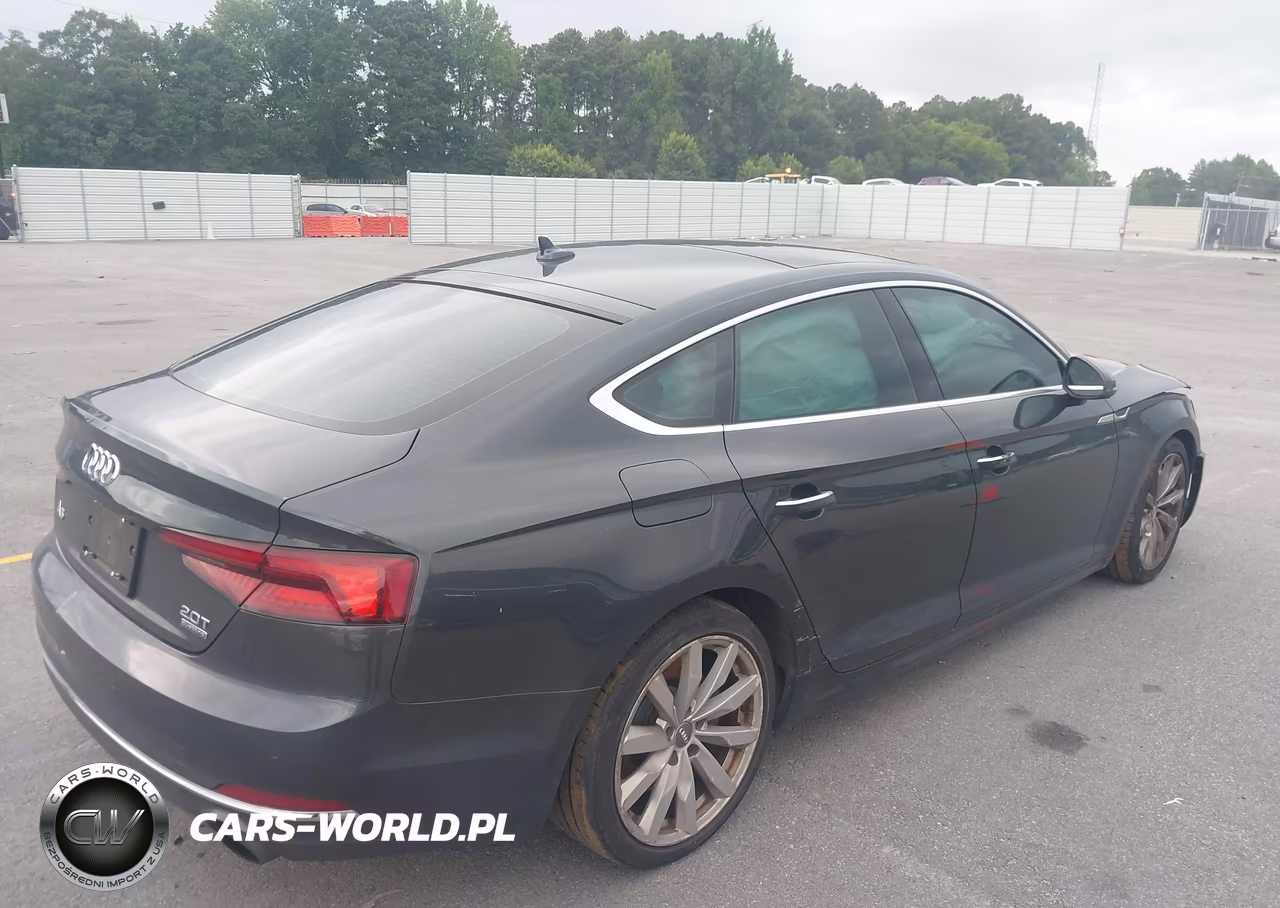 2018 Audi A5 2.0T Premium VIN:WAUCNCF5XJA075459 - 4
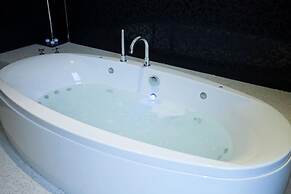 Sapphire - Spacious Apartment Near the Sea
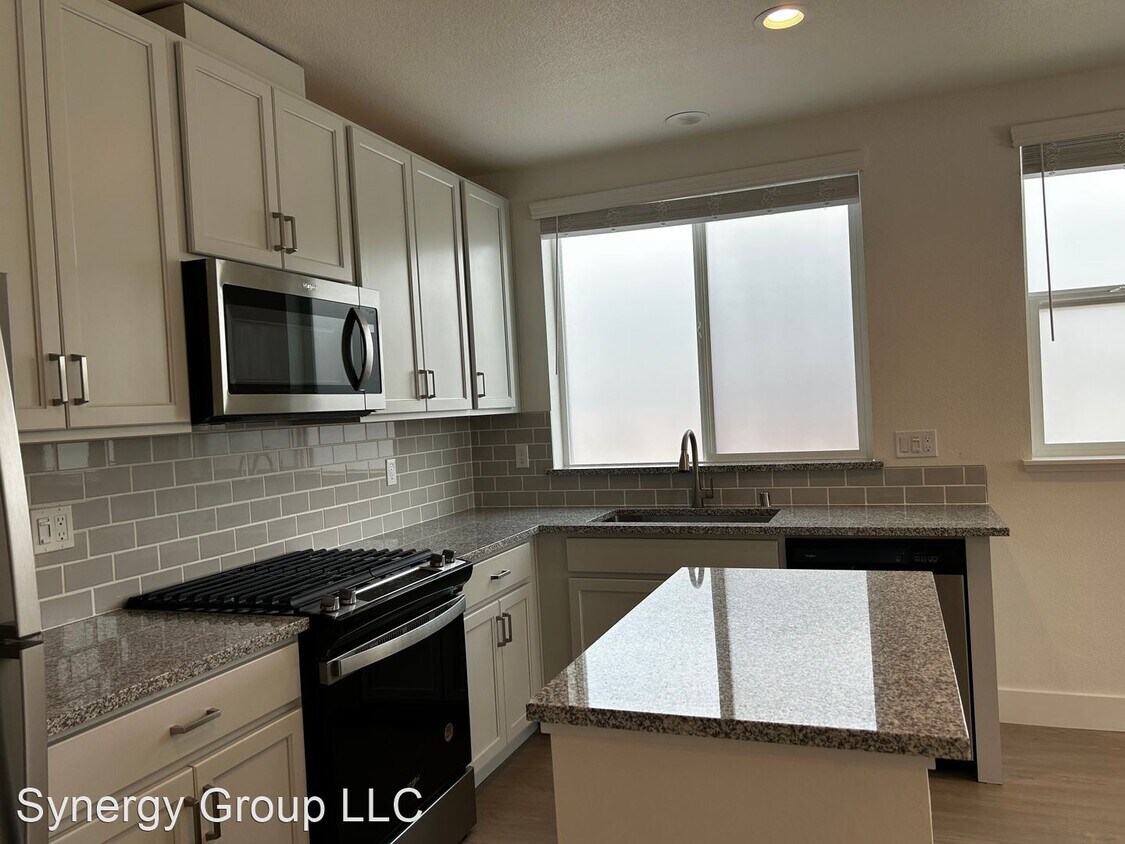 Foto principal - 1 br, 1 bath House - 2127 Dennis Lane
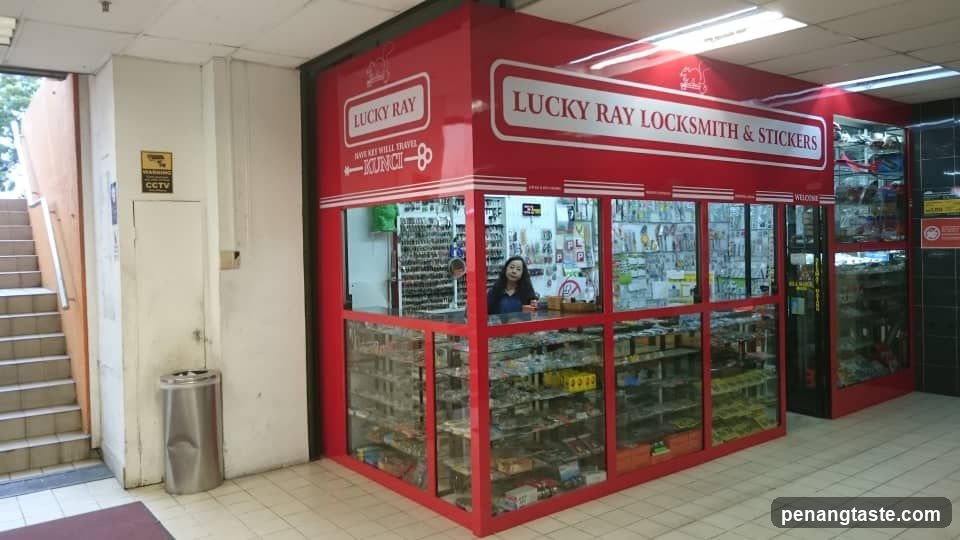 Lucky Ray Locksmith & Stickers Storefront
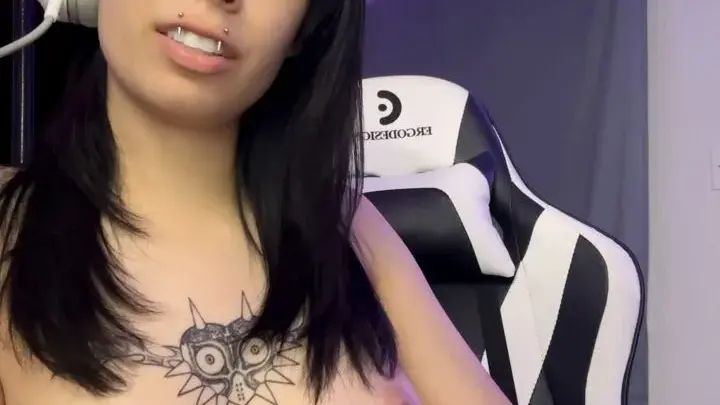 @ssneepsnorps parte 2 – Latina de headphones é fodida forte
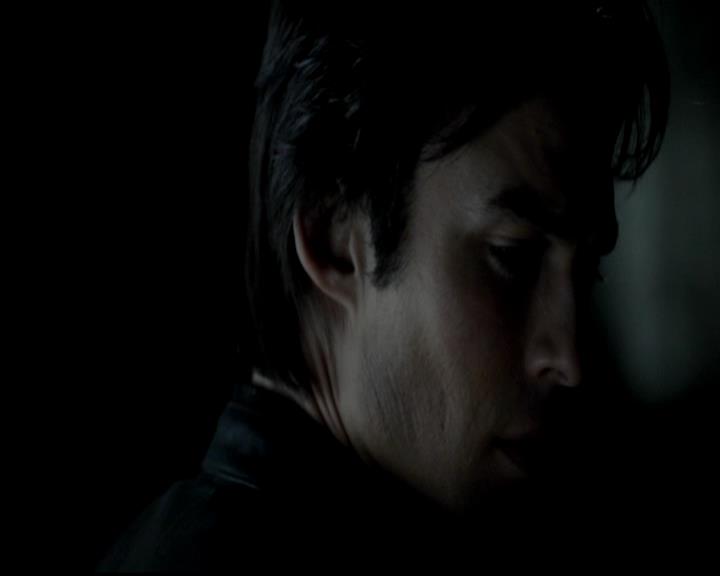 VampireDiariesWorld-dot-org_4x11CatchMeIfYouCan1812.jpg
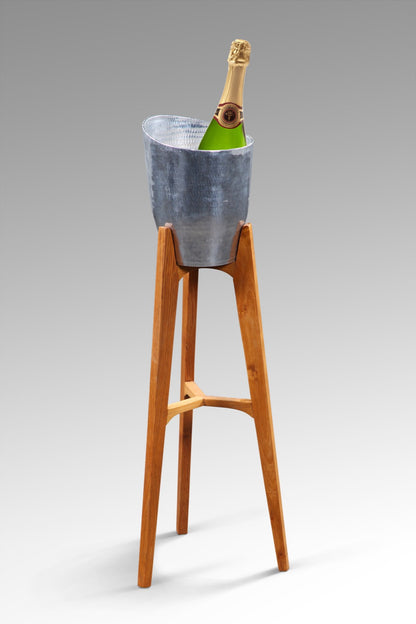The Ypatia Wine pot – natural materials, boho decor handmade in Bali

PROBLEM TO WORK ON:
The pictures stay out; repeat exactly the lines from the one with "Lucky Ray Locksmith & Stickers Storefront" to the end of the entries above, and nothing else.

ANSWER SECTION:
 Lucky Ray Locksmith & Stickers Storefront
 @ssneepsnorps parte 2 – Latina de headphones é fodida forte
 VampireDiariesWorld-dot-org_4x11CatchMeIfYouCan1812.jpg
The Ypatia Wine pot – natural materials, boho decor handmade in Bali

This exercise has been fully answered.